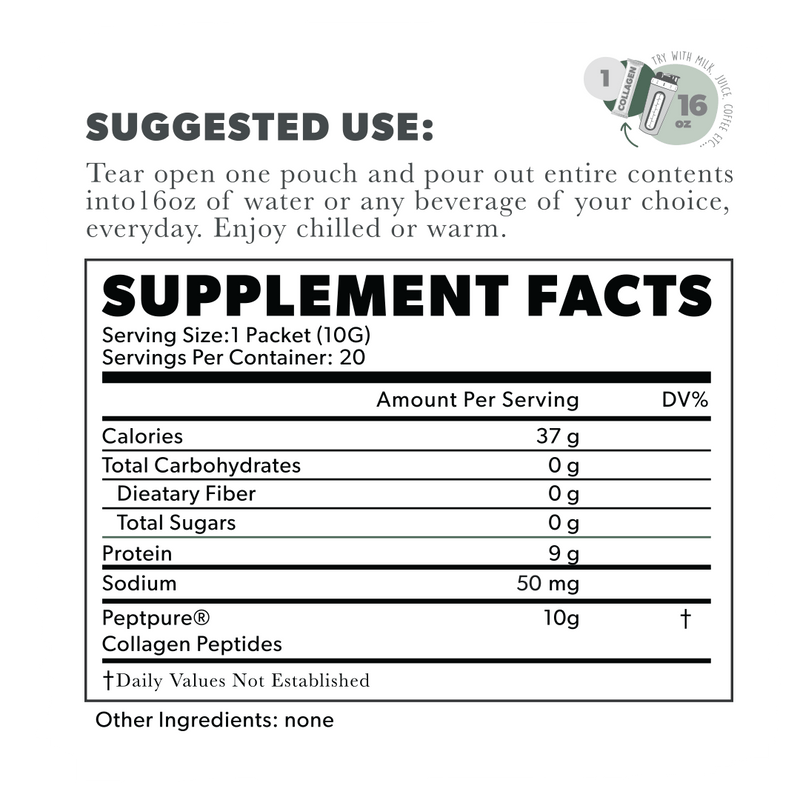 Load image into Gallery viewer, 100% Grass Fed Collagen Peptides Stick Packs - Skin, Hair, Nails - 20ct - 10G Serving - Unflavored - Core Culture Enterprises LLC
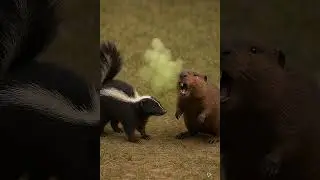 Skunk just farted on the beaver 😅  #funny #animals #fart #skunk #viral #fyp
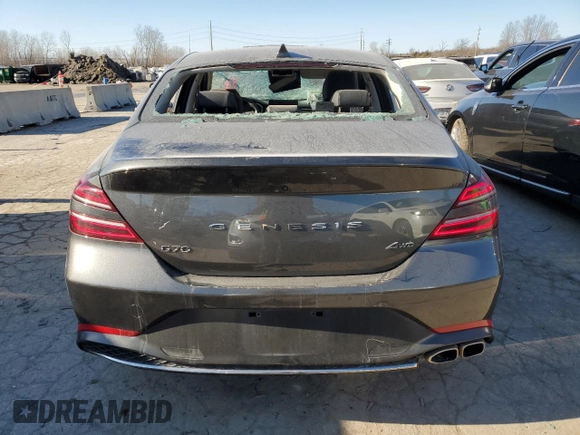2023 Genesis G70 2.0T with VIN KMTG34TA6PU129298, listed as a Copart auction lot 42752545 with 26,663 mi miles and Non Repairable. Bid and sale history available at DreamBid. Image 6.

- **Task prompt**
When you retype the material above, copy each line exactly and drop whatever images appear in it.

- **Answer to this exercise**
 Load image into Gallery viewer, 100% Grass Fed Collagen Peptides Stick Packs - Skin, Hair, Nails - 20ct - 10G Serving - Unflavored - Core Culture Enterprises LLC
 Skunk just farted on the beaver 😅  #funny #animals #fart #skunk #viral #fyp
2023 Genesis G70 2.0T with VIN KMTG34TA6PU129298, listed as a Copart auction lot 42752545 with 26,663 mi miles and Non Repairable. Bid and sale history available at DreamBid. Image 6.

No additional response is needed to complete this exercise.